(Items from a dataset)

• • • •

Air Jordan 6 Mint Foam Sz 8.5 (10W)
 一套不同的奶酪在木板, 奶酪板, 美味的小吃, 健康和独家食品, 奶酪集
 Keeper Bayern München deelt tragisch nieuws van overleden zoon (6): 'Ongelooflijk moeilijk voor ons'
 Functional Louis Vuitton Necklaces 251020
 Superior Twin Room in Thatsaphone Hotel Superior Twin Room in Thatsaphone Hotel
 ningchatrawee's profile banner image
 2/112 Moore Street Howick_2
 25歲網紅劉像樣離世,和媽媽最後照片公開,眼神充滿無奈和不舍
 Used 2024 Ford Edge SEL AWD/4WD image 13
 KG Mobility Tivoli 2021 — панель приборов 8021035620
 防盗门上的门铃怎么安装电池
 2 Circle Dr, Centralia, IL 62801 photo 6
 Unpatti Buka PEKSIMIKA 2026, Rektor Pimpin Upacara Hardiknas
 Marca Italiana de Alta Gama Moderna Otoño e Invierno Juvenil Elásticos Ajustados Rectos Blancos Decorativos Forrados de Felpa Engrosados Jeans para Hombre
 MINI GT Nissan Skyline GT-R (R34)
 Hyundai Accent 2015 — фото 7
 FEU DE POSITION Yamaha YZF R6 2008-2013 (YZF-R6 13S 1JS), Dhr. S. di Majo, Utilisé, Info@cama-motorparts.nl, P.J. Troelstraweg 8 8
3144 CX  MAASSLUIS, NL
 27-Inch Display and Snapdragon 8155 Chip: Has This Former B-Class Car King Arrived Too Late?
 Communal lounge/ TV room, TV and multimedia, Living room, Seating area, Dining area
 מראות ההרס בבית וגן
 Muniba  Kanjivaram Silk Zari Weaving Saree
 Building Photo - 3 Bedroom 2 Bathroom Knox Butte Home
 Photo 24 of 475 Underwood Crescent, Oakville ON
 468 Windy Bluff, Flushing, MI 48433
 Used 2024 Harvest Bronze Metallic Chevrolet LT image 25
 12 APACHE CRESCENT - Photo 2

• • • •

_ASSIGNMENT_
The range begins at the line containing "Functional Louis Vuitton Necklaces 251020" and ends at the last line of the entries; reproduce it exactly.

_SOLUTION TO THIS TASK_
 Functional Louis Vuitton Necklaces 251020
 Superior Twin Room in Thatsaphone Hotel Superior Twin Room in Thatsaphone Hotel
 ningchatrawee's profile banner image
 2/112 Moore Street Howick_2
 25歲網紅劉像樣離世,和媽媽最後照片公開,眼神充滿無奈和不舍
 Used 2024 Ford Edge SEL AWD/4WD image 13
 KG Mobility Tivoli 2021 — панель приборов 8021035620
 防盗门上的门铃怎么安装电池
 2 Circle Dr, Centralia, IL 62801 photo 6
 Unpatti Buka PEKSIMIKA 2026, Rektor Pimpin Upacara Hardiknas
 Marca Italiana de Alta Gama Moderna Otoño e Invierno Juvenil Elásticos Ajustados Rectos Blancos Decorativos Forrados de Felpa Engrosados Jeans para Hombre
 MINI GT Nissan Skyline GT-R (R34)
 Hyundai Accent 2015 — фото 7
 FEU DE POSITION Yamaha YZF R6 2008-2013 (YZF-R6 13S 1JS), Dhr. S. di Majo, Utilisé, Info@cama-motorparts.nl, P.J. Troelstraweg 8 8
3144 CX  MAASSLUIS, NL
 27-Inch Display and Snapdragon 8155 Chip: Has This Former B-Class Car King Arrived Too Late?
 Communal lounge/ TV room, TV and multimedia, Living room, Seating area, Dining area
 מראות ההרס בבית וגן
 Muniba  Kanjivaram Silk Zari Weaving Saree
 Building Photo - 3 Bedroom 2 Bathroom Knox Butte Home
 Photo 24 of 475 Underwood Crescent, Oakville ON
 468 Windy Bluff, Flushing, MI 48433
 Used 2024 Harvest Bronze Metallic Chevrolet LT image 25
 12 APACHE CRESCENT - Photo 2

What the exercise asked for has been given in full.